▶ **WORK REQUIRED**: An exact copy of all the data is required, with pictures left out.

[INFORMATION SHOWN]

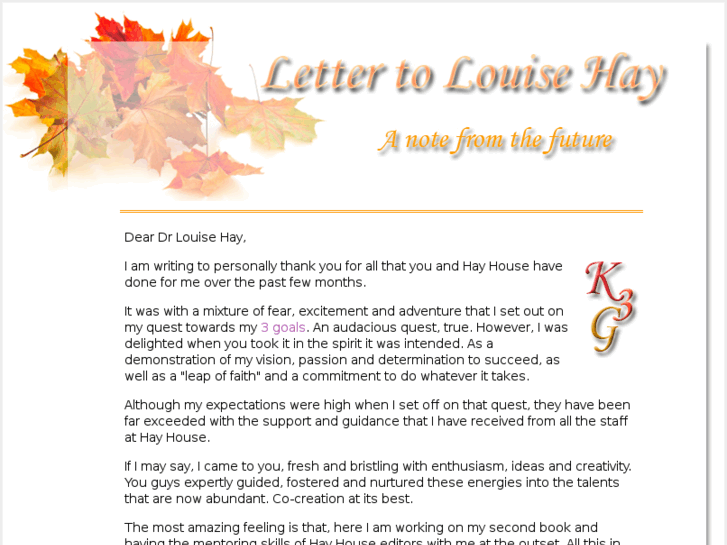 www.lettertolouisehay.com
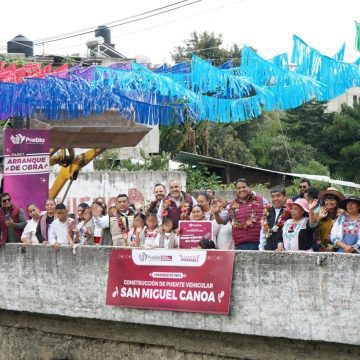 Arranca Gobierno de Pepe Chedraui construcción del Puente Vehicular de San Miguel Canoa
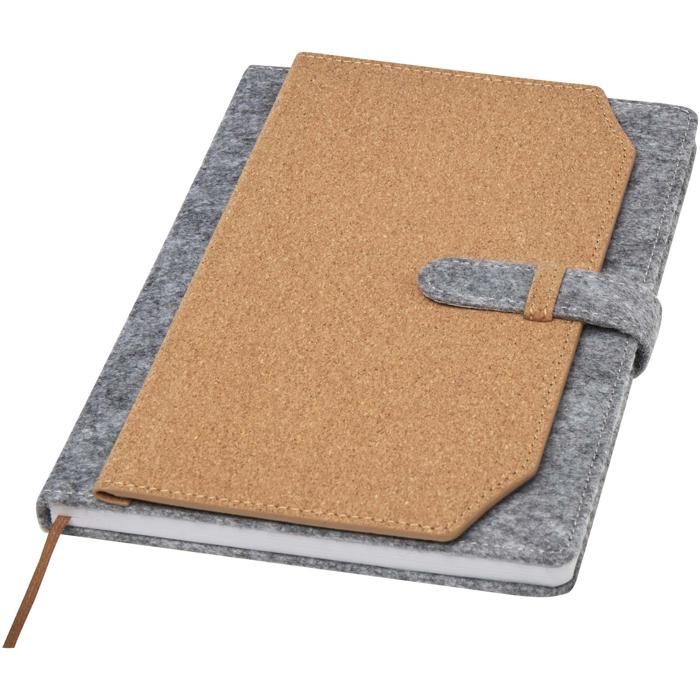 Viviana A5 Recycled Felt And Cork Notebook main product photo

[/INFORMATION SHOWN]

▶ **RESPONSE TO THIS TASK**:
 www.lettertolouisehay.com
 Arranca Gobierno de Pepe Chedraui construcción del Puente Vehicular de San Miguel Canoa
 Viviana A5 Recycled Felt And Cork Notebook main product photo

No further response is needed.